• **Required action**: For the material below, reproduce exactly each line from the one that has "Spring in Sweden" through the one that has "SAHARA Cotton Hammam", and no others; pictures stay out.

• **Data for processing**:
◇ ◇ ◇
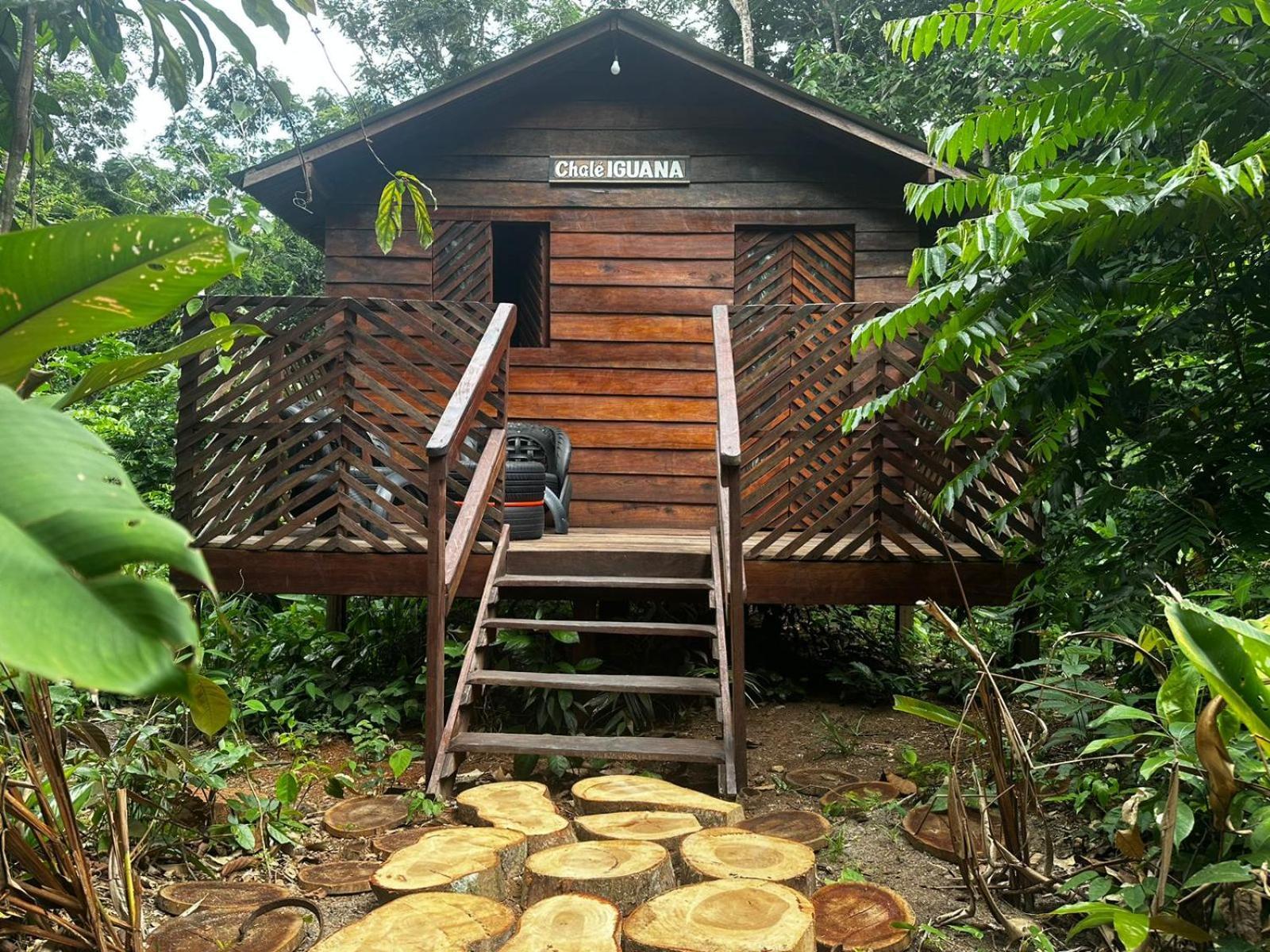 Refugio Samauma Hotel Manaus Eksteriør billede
◇ ◇ ◇
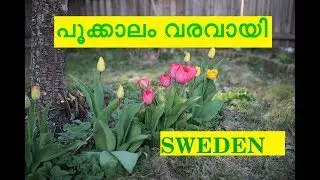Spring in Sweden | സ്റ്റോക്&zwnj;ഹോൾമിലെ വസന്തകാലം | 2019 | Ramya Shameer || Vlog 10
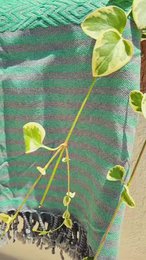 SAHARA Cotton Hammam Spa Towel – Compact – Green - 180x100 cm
◇ ◇ ◇
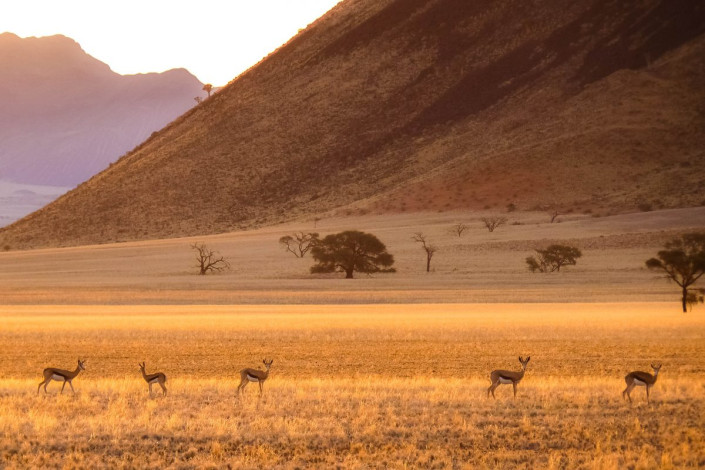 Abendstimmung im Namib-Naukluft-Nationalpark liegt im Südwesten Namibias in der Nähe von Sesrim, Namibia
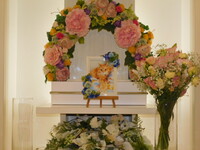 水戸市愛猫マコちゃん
◇ ◇ ◇
• **Exercise output**:
Spring in Sweden | സ്റ്റോക്&zwnj;ഹോൾമിലെ വസന്തകാലം | 2019 | Ramya Shameer || Vlog 10
 SAHARA Cotton Hammam Spa Towel – Compact – Green - 180x100 cm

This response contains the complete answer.